Aguas arribas del Tajo
estaban los Reales Baños de Carlos III, junto a Trillo, en los que también hubo
jardines de frondosidades epopéyicas.
El
laberinto y otros jardines de
Guadalajara
Enmarcado en el grupo de la
jardinería renacentista, y dentro de los jardines ducales, Guadalajara tuvo uno
de los más interesantes laberintos del Renacimiento en Europa. Lo pusieron los
Mendoza en su palacio, en el centro de los jardines de poniente, y lo diseñó su
arquitecto Acacio de Orejón, en la segunda mitad del siglo XVI.
Se trataba del “Laberinto
de Creta”, ingeniosamente dispuesto de tal modo que venía a ser un complicado
conjunto de corredores, pasadizos y acequias circulares por las que se accedía
a una estrecha isla central en la que residiría el minotauro. Sobre este
elemento del jardín del palacio del Infantado sólo nos ha quedado la referencia
gráfica que aparece en uno de los croquis que hizo Orejón cuando la gran
reforma palaciega del quinto duque, pero no se conoce otra referencia ni
documento escrito alusivo a él.
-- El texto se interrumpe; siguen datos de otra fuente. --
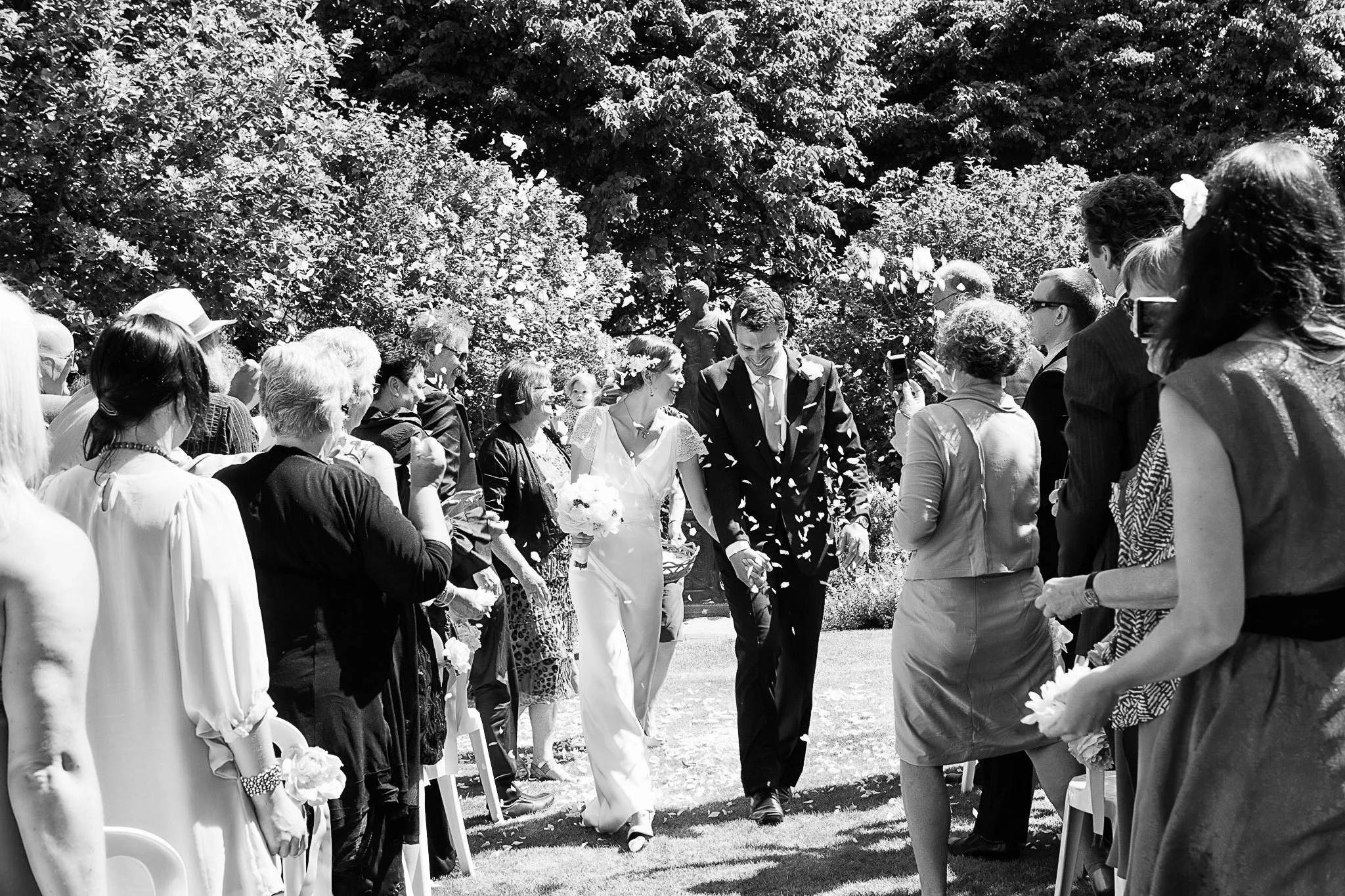 Black and white photo of a bride and groom walking hand in hand down the aisle at an outdoor wedding, surrounded by guests on either side taking pictures and celebrating.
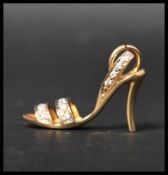 A hallmarked 18ct gold and diamond charm in the form of a stiletto shoe set with 17 diamonds to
Su significado se nos muestra fácil y
consecuente con el conjunto manierista del programa implantado por el duque en
su mansión alcarreña: la utilización de un mito cretense como es el del
laberinto, el minotauro y la lucha de Teseo contra este ser, pudiera parecer,
en principio, muy desligada de la tónica general del conjunto, en el que priman
alusiones a la historia romana y a la mitología olímpica. Pero basta con
conocer la general utilización de este elemento «laberíntico» en la mayoría de
los jardines del Renacimiento italiano para comprobar que su utilización en
Guadalajara no hace sino afianzar el clasicismo de todo el programa.
Una vez abandonado el
palacio, utilizado para otros fines, bombardeado, hundido y reconstruido, hacia
1980 se reordenó el vacío espacio de los jardines ducales y se colocó de nuevo
un laberinto, que sin tener nada que ver con el original, sí que le da un plus
de interés a este conjunto ajardinado pseudorenacentista de tan afamado
palacio.
En Guadalajara hubo algunos
jardines de interés. María Diega Desmaissières, condesa de la Vega del Pozo,
muy chapada a la francesa, quiso poner jardines de tipo galo en torno a su
fundación de “San Diego”, lo que hoy es el conjunto de las Adoratrices y el
panteón mortuorio de la
familia. Un hermoso jardín se puso centrando el claustro del
edificio central: un revival románico espléndido, muy poco conocido, en cuyo
centro, además de una fuente, con paseos, paredes de boj y acequias sonoras, se
alza un gigantesco cedro del Líbano. Para acompañar al visitante que desde el
paseo de San Roque, y atravesando la portalada de piedra y hierros que se
encuentra en el costado de este paseo, se dirigía hacia el panteón, la duquesa
encargó a Cirilo Rodríguez que le preparara unos magníficos jardines al estilo
de los del Retiro de Madrid. En ello se puso el jardinero, pero no se llegaron
a construir por la muerte de la
señora. Que , sin embargo, sí logró montar otro tupido y
romántico jardín en su palacio del centro de la ciudad. Ese jardín que
aún rebulle en la memoria de quien esto escribe.